Shaker, a libertarian who is the chairman of the Republican Liberty Caucus of Tampa Bay, added that he doesn't think bans of any form help with the nation's national security interest.

"We’ve bombed so many countries over the last 15 years, from Bush to Obama, not doing that would be the first step in having less refugees needing to come here," Shaker said.

"I don't think it’s going to work," he said of the ban's efficacy, "but I do think it is most likely constitutional. The president has a lot of these powers, but the question is, is it a good thing to do? That’s the question."

Lyndon Bilal

Lyndon Bilal, national commander of the Muslim American Veteran Association and a US Navy veteran, told BuzzFeed News that President Trump has "forgotten he works for the American people."

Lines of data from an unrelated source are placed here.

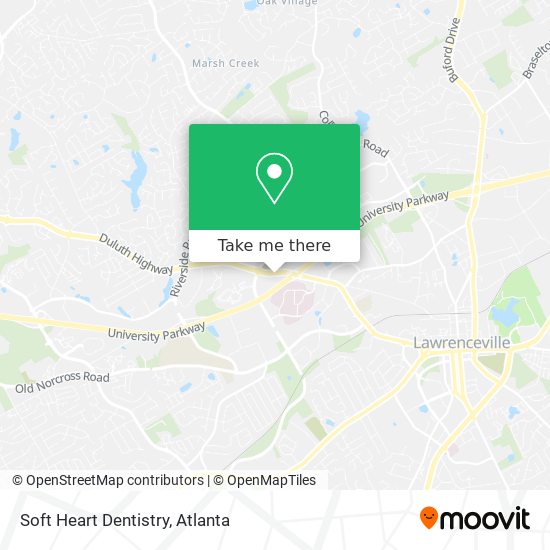 Soft Heart Dentistry map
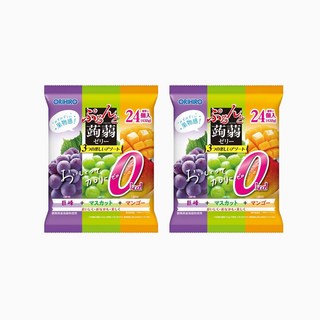 0칼로리 곤약젤리 거봉/샤인머스켓/망고 3가지 혼합맛 일본 오리히로 18g X 24개입 X 2봉지, 432g, 2개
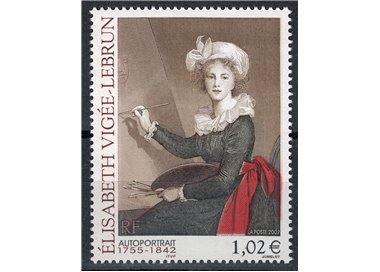 FRANCE 2002 Art (Elisabeth Vigée Lebrun) MNH**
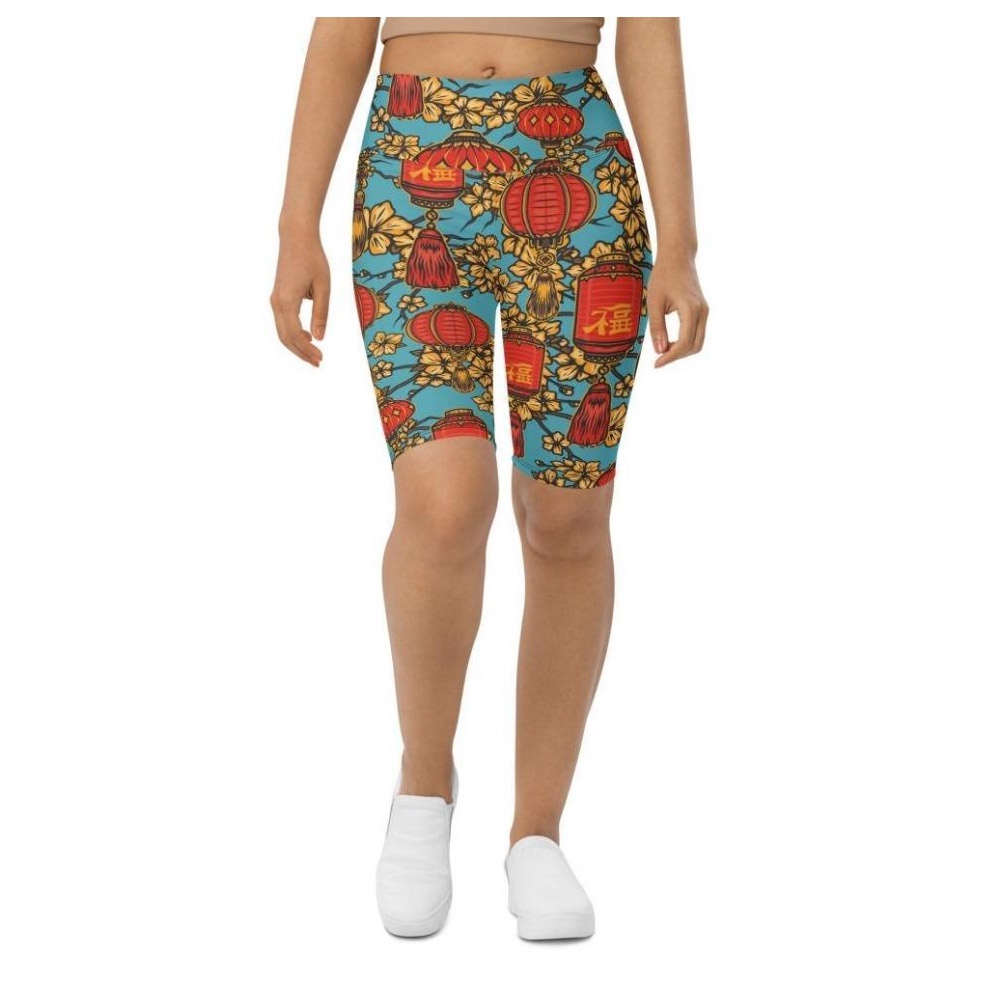 Chinese Festive Biker Shorts, Biker Shorts For Mom, Shorts Mother’s Day, Mother Day Gift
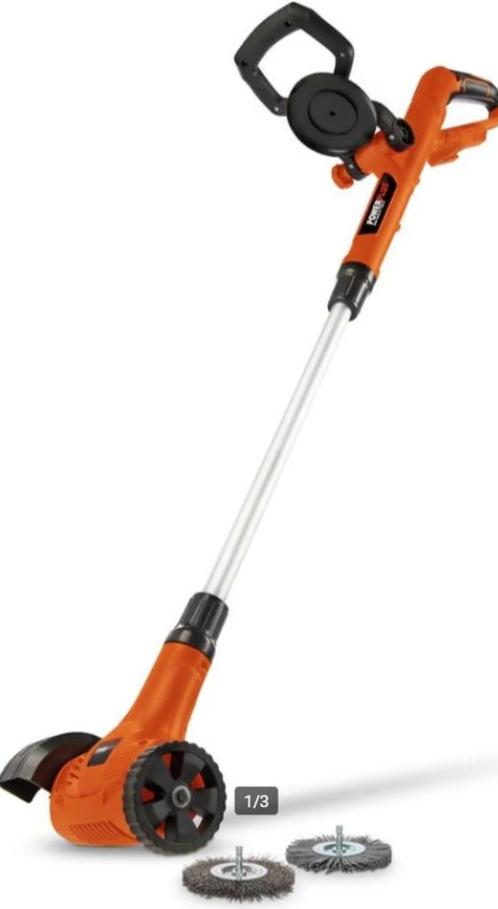 Onkruidborstel Powerplus + batterij 20V + snellader, Tuin en Terras, Grastrimmers, Zo goed als nieuw, Accu, Ophalen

"Apparently President Donald Trump doesn’t understand that he isn’t the CEO of Trump Inc. He works for the American people," Bilal said. "He continues to just speak to his base of supporters and fulfill his campaign promises."

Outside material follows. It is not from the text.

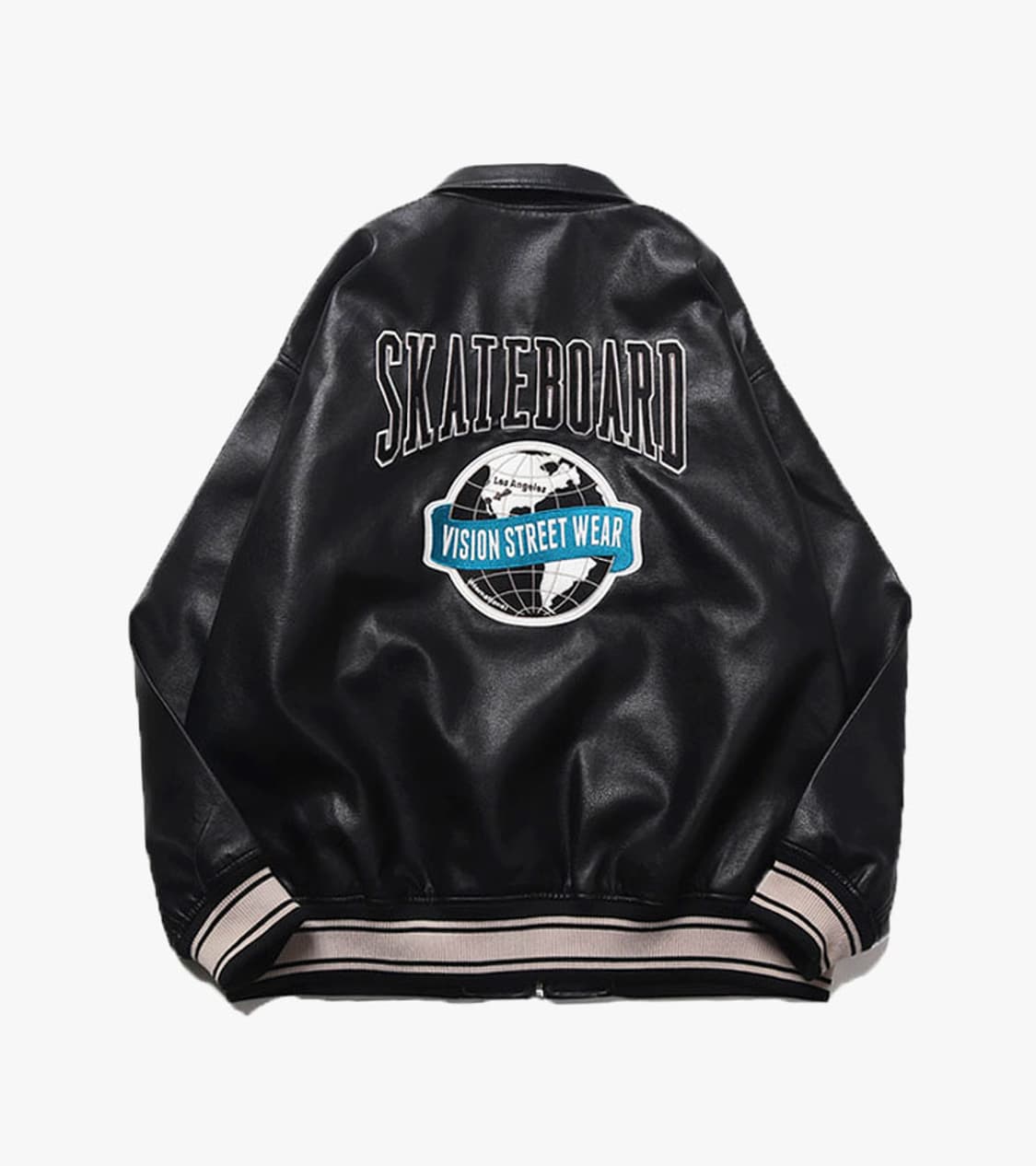 VISION STREET WEAR - LEATHER VARSITY JK 상품이미지1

Bilal believes that the ban will endanger American soldiers, Muslim and non-Muslim alike, because of the message of exclusion it sends to those who already believe the US has an anti-Muslim foreign policy.

"It’s also empowering to terrorist organizations like ISIS and ISIL, who now have justification to what they’re calling a 'War against the West,'" Bilal said.

Bilal noted that Muslim Americans have fought for the US in conflicts dating back to the Revolutionary War.

"The people who don’t know the history and don't know the constitution of the country, for whatever reason, this [ban] emboldens their false narratives as well as their inspiration to hate and blame other people — everyone other than themselves — about the problems in this country," Bilal said.